Who is an Arab?
The definition of who an Arab is has three main aspects:
Political: whether they live in a country which is a member of the Arab League (or, more vaguely, the Arab world); this definition covers more than 300 million people. Somalia and the Comoros are sometimes excepted from this definition. The aforementioned definition, however, is problematic and somewhat arbitrary, particularly as most national borders in the region were determined by post-colonial partitioning and do not necessarily reflect native cultural affiliations. For example, certain native populations in Eastern Chad are virtually indistinguishable from those in Western Sudan and many groups in Southern Turkey share the same culture and ethnicity, and indeed may have come from the same tribe or even family as people in Northern Syria.
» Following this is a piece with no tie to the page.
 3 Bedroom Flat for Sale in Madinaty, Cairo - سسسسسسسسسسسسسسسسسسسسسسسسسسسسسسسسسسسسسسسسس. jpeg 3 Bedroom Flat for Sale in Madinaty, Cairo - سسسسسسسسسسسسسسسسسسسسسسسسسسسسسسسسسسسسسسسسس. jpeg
Sizable communities in Chad, Turkey, Israel, Tanzania, Eritrea, and Ethiopia, in addition to the Arab League, have spoken Arabic for generations, and many consider themselves Arab.
Linguistic: whether their first language is Arabic; this definition covers more than 200 million people.
Genealogical: whether they can trace their ancestry back to the original inhabitants of the Arabian Peninsula.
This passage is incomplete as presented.